> _What needs to be done_
Print the data exactly as written, line for line, and leave its pictures behind.
Segment Start: Supplied material
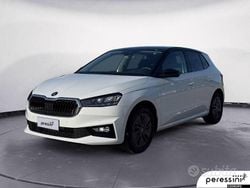 Bianco Usata 2025 Skoda Fabia Selection Tre volumi | 16.900 € (Buon prezzo)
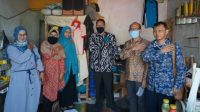 Pemdaprov Jabar Libatkan 200 UMKM Produksi 2 juta Masker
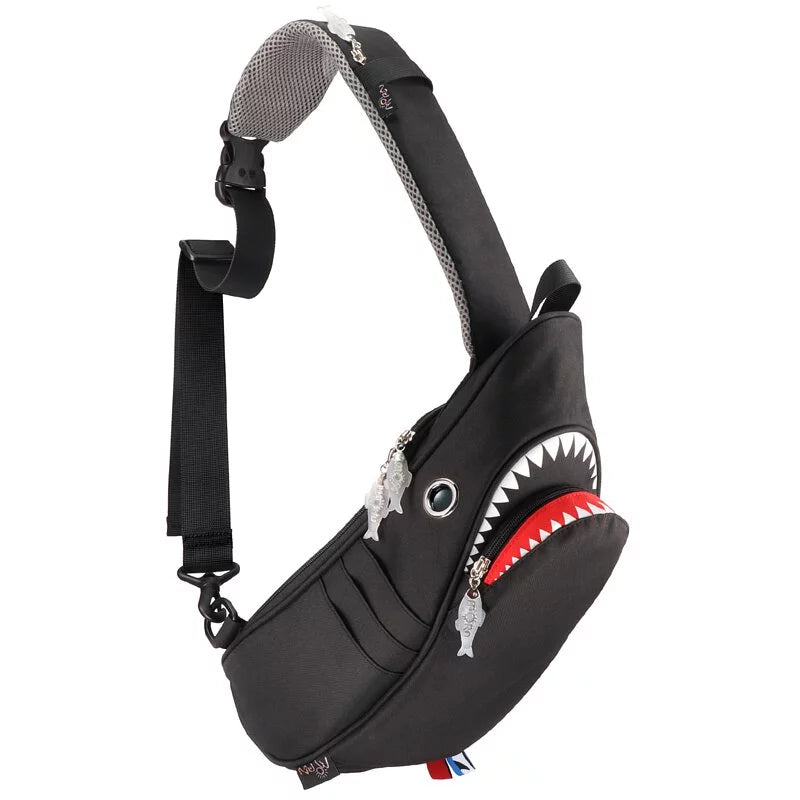 Shark Sling Bag - Daily Sparkles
Segment End: Supplied material
> _Result of this task_
 Bianco Usata 2025 Skoda Fabia Selection Tre volumi | 16.900 € (Buon prezzo)
 Pemdaprov Jabar Libatkan 200 UMKM Produksi 2 juta Masker
 Shark Sling Bag - Daily Sparkles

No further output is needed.